Records excerpted from a collection

= Beginning of Section =

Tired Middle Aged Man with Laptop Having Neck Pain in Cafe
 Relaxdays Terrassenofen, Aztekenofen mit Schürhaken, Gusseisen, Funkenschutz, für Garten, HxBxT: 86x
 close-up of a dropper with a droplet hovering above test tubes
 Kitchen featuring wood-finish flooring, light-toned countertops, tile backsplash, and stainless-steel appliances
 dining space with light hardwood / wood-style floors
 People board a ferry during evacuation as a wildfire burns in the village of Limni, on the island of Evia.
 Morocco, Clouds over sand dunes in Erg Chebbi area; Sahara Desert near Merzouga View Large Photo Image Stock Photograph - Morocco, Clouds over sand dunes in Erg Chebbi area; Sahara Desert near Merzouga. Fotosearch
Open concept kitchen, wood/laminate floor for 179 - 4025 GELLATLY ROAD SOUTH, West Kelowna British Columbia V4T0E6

= End of Section =

• **TASK**:
Repeat the entries verbatim through the line with "People board a".

• **WRITTEN SOLUTION**:
Tired Middle Aged Man with Laptop Having Neck Pain in Cafe
 Relaxdays Terrassenofen, Aztekenofen mit Schürhaken, Gusseisen, Funkenschutz, für Garten, HxBxT: 86x
 close-up of a dropper with a droplet hovering above test tubes
 Kitchen featuring wood-finish flooring, light-toned countertops, tile backsplash, and stainless-steel appliances
 dining space with light hardwood / wood-style floors
 People board a ferry during evacuation as a wildfire burns in the village of Limni, on the island of Evia.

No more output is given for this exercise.